- **Problem details**
Both the line with "Vintage Atlas Headwear Camo Cap Size 7" and the line with "INDOMIE HAZIR NOODLE" in the records below must appear in the output, along with every line between them, exactly and with nothing added.

- **Material provided**
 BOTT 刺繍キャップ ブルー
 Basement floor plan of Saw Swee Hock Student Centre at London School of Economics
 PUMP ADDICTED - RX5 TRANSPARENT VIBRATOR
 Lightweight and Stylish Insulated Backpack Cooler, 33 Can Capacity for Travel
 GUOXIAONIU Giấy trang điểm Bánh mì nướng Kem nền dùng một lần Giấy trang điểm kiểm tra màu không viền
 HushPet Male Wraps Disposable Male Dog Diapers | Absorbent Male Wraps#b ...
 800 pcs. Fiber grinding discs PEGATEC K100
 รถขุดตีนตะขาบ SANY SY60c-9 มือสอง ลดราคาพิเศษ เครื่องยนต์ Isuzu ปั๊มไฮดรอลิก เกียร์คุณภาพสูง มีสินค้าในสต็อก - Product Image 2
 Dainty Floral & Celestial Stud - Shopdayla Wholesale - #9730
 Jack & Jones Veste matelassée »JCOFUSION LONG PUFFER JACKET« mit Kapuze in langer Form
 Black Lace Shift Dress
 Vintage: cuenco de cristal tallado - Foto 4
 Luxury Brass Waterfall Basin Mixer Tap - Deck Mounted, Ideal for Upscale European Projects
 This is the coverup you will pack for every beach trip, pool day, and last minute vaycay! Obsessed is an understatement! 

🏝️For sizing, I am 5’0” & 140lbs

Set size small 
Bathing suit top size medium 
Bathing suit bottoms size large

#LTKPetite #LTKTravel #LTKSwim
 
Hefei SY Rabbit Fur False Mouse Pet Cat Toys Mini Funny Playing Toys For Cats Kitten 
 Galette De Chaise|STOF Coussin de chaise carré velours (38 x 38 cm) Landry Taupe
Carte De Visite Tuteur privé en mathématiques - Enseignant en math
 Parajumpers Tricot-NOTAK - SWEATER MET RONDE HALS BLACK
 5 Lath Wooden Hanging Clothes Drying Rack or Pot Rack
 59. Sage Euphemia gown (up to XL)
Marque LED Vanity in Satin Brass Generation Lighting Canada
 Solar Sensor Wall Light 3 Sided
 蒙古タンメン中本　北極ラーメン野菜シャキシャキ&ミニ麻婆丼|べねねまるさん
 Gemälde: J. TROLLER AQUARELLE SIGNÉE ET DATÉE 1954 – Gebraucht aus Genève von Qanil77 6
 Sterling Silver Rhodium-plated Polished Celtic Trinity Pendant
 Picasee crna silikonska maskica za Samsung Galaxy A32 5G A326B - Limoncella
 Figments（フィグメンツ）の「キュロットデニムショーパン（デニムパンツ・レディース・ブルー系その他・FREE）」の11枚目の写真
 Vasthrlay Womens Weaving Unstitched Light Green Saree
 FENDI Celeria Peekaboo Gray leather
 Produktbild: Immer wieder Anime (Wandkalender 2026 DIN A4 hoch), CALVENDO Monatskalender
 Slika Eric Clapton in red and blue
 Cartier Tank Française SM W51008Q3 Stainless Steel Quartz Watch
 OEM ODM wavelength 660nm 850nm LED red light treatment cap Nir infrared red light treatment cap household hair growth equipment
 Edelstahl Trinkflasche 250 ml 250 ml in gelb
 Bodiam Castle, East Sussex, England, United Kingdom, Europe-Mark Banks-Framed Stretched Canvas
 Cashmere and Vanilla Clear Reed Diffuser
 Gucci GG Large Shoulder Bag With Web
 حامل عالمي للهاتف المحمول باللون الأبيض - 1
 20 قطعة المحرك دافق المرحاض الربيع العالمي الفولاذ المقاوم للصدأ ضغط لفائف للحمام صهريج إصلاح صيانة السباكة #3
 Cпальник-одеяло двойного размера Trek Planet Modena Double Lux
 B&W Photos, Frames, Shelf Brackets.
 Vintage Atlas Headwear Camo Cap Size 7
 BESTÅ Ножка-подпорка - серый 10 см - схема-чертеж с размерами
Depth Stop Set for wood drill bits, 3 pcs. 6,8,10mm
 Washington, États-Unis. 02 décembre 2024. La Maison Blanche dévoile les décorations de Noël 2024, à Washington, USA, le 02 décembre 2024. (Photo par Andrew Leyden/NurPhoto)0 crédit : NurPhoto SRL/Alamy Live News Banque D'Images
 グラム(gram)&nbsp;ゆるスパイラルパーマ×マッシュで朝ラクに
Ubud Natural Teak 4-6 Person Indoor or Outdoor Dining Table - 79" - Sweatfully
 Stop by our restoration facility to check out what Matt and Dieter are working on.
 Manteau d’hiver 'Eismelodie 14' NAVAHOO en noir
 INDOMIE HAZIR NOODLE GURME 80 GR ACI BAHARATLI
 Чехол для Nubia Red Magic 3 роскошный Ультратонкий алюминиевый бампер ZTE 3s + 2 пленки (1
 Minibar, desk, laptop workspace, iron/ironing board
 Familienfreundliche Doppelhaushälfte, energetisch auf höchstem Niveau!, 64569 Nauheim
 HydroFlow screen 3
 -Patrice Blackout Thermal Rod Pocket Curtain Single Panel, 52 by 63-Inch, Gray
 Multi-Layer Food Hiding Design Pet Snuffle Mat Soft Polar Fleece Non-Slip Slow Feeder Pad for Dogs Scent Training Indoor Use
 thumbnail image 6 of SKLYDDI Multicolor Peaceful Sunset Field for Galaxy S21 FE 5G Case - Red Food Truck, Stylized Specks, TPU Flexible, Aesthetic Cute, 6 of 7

- **Task result**
 Vintage Atlas Headwear Camo Cap Size 7
 BESTÅ Ножка-подпорка - серый 10 см - схема-чертеж с размерами
Depth Stop Set for wood drill bits, 3 pcs. 6,8,10mm
 Washington, États-Unis. 02 décembre 2024. La Maison Blanche dévoile les décorations de Noël 2024, à Washington, USA, le 02 décembre 2024. (Photo par Andrew Leyden/NurPhoto)0 crédit : NurPhoto SRL/Alamy Live News Banque D'Images
 グラム(gram)&nbsp;ゆるスパイラルパーマ×マッシュで朝ラクに
Ubud Natural Teak 4-6 Person Indoor or Outdoor Dining Table - 79" - Sweatfully
 Stop by our restoration facility to check out what Matt and Dieter are working on.
 Manteau d’hiver 'Eismelodie 14' NAVAHOO en noir
 INDOMIE HAZIR NOODLE GURME 80 GR ACI BAHARATLI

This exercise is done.